How does the argument go for: $\mathbb{R^n} \setminus A$ open, if $A$ closed?
I've tried to think of the closed set definitions, but I don't know how I'm supposed to apply them to an open set. Also was thinking of doing an antithesis ($\mathbb{R^n} \setminus A$ closed).
Here open set is a set that contains only interior points.
A closed set is a set that contains all its boundary points.
Interior and boundary points are displayed using the Ball definition.

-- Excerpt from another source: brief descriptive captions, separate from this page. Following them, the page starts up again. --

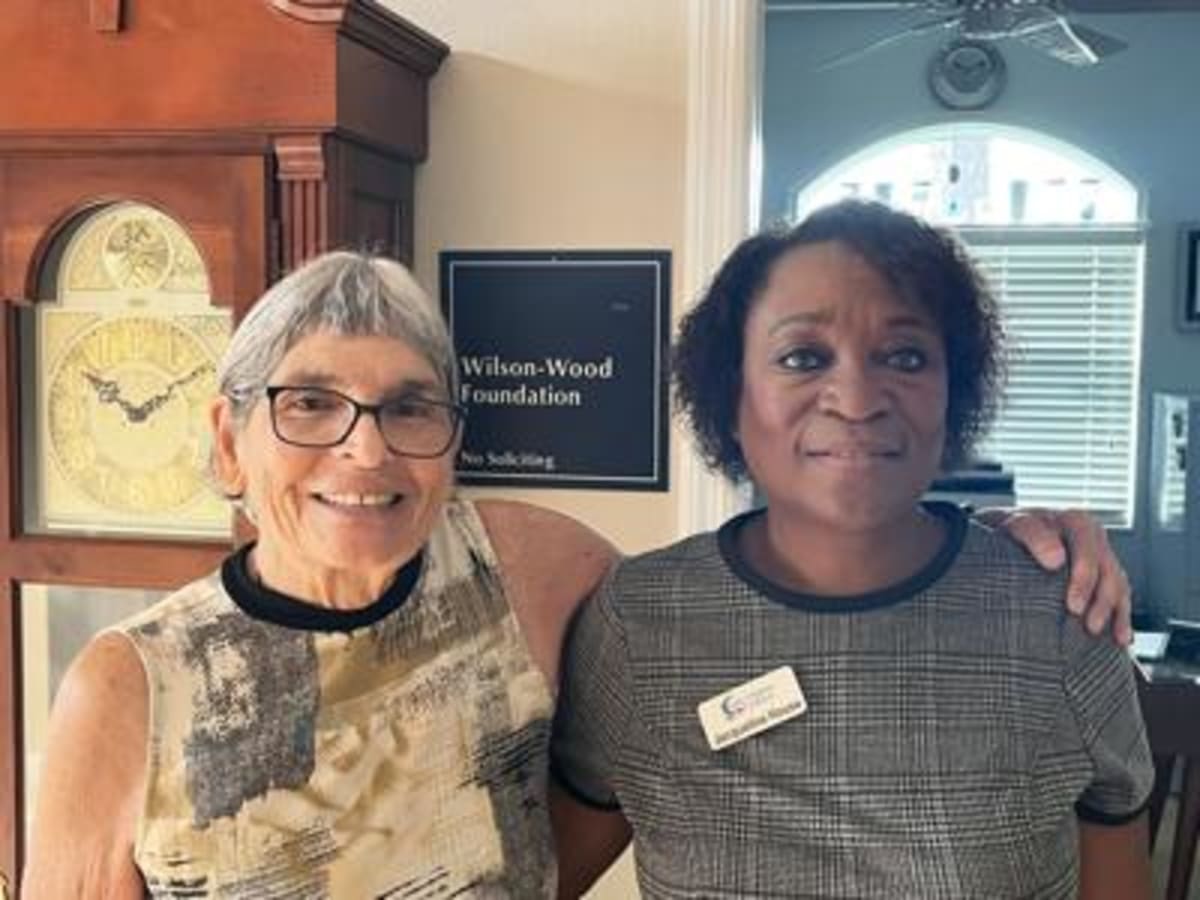 $15K Grant Powers Free Preschool Program for 8th Year - Image 2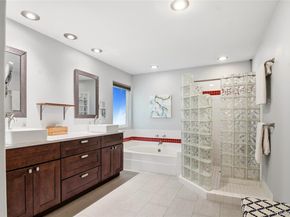 2269 S Ellis Court, Lakewood CO 80228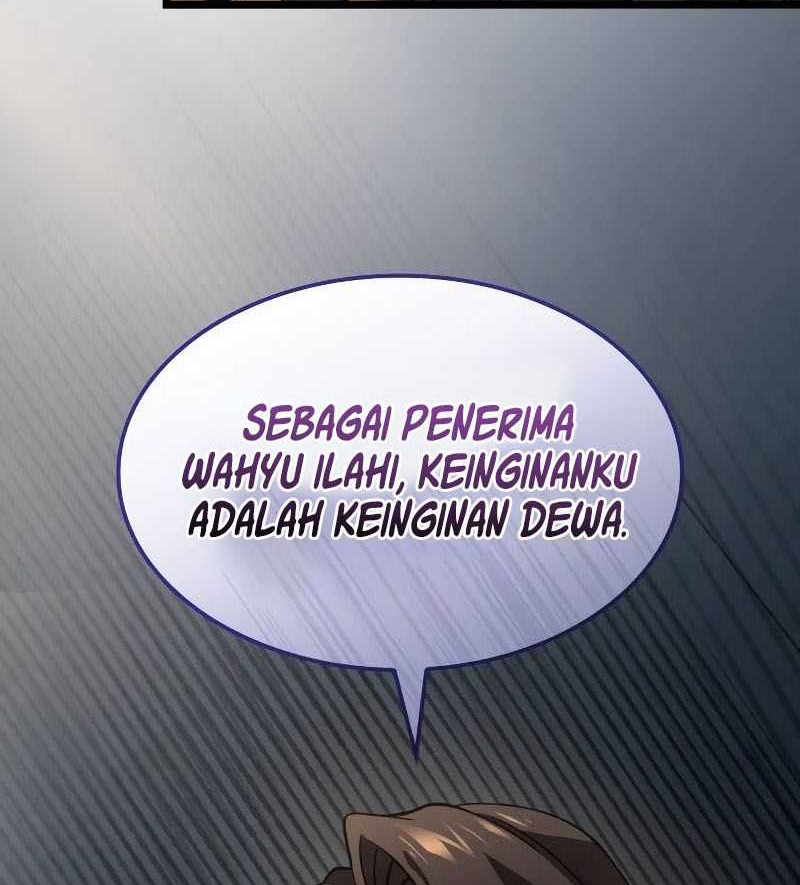 Insanely-Talented Player Chapter 26 Gambar 42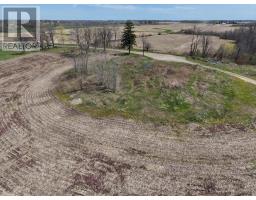 24688 Carroll Line, West Elgin, ON N0L2P0 Photo 10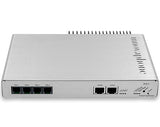 Innovaphone Ip511 Mediagateway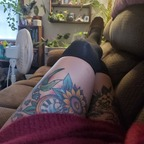 View Gracee belle (graceebelle) OnlyFans 0 Photos and 0 Videos gallery 

 picture 1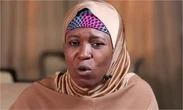 He has nuisance value – Aisha Yesufu reveals why she’s working with El-Rufai in ADC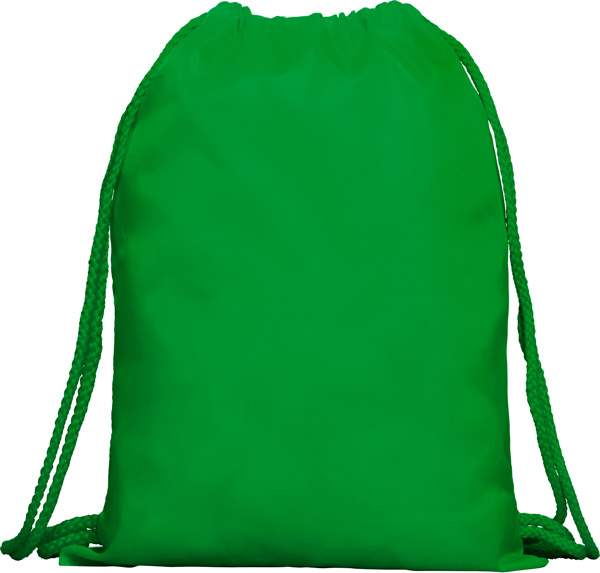 Bolsas kagu
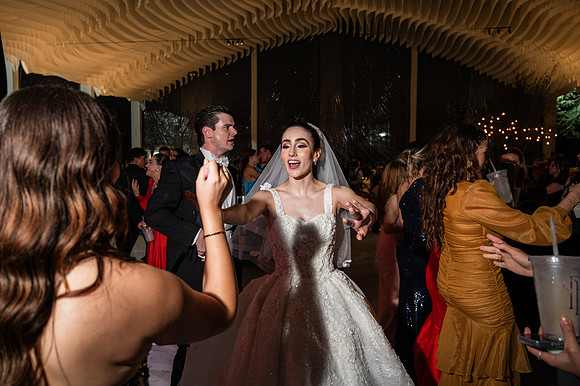 1770_Boda_Paulina&Leobardo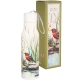 Butelka termiczna Termos 500 ml STAL NIERDZEWNA 18/8 - Flower Classic JULY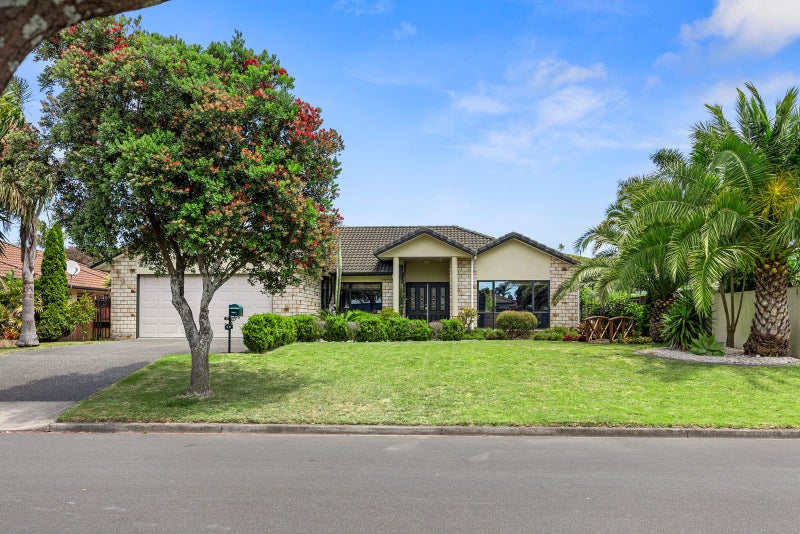 28 Tomika Crescent, Papamoa Beach, Papamoa - Carousel 24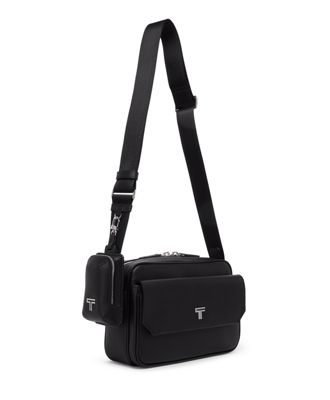 Manzi Crossbody product image four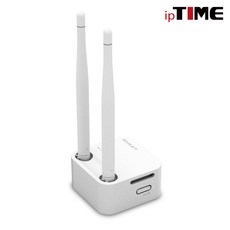 iptimea2008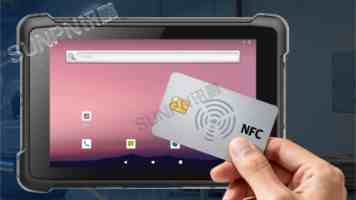 高效数据采集与智能运维：Python 爬虫技术实战指南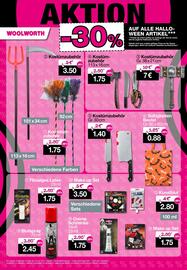 Woolworth Prospekt Seite 34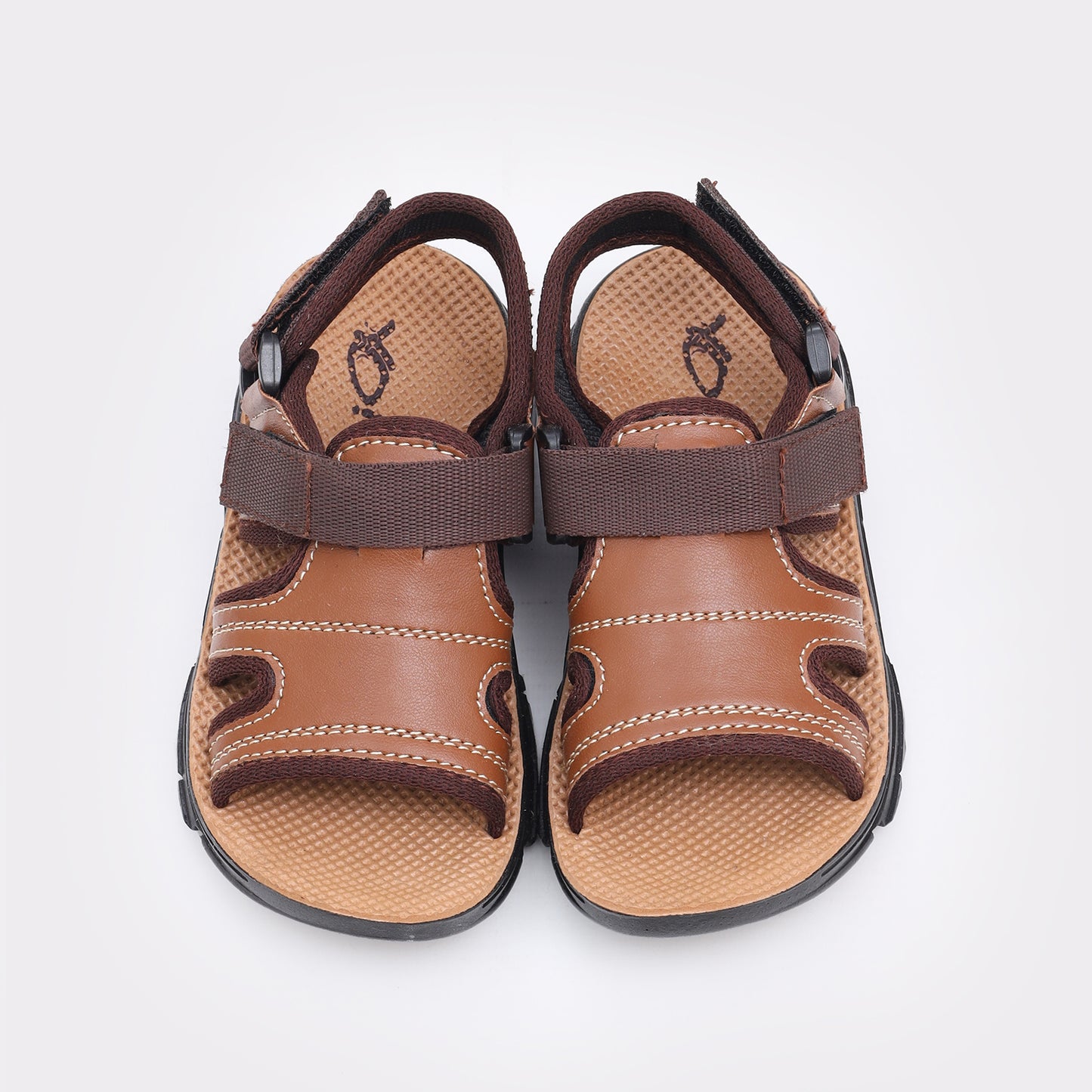 Kids Sandal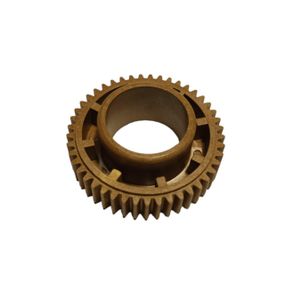 JC66-01254A Шестерня тефлонового вала для Samsung ML-1630/1910/2510/SCX-4725FN/4828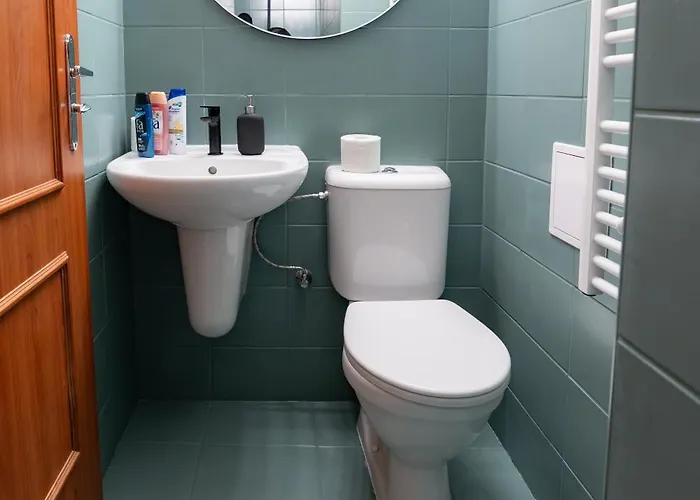 Vratislavský Dům * Třeboň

(e.g. $x$ is an interior point of $A$ if $\exists r>0$ s.t. $B(x,r)\subset A$)
A closed set A has the equivalence theorem for closedness stating that one can construct a vector sequence $(x_k)_{k=1}^{\infty}$, $x_k \in A$ $\forall k$, for which $\lim_{k\rightarrow \infty}x_k=x$ and $x \in A$.
Best Answer
Assume $A$ is closed and let $x\in \mathbb{R}^n\backslash{A}$ arbitrary. We are looking for an $r>0$ such that $B(x,r)\subset \mathbb{R}^n\backslash{A}$, thus proving $\mathbb{R}^n\backslash{A}$ is open.
Since $A$ is closed, $x$ is not a limit point of $A$. So there is an $\epsilon>0$ such that $\mathrm{d}(x,y)>\epsilon$ for all $y\in A$. Take $r=\epsilon$ et voila.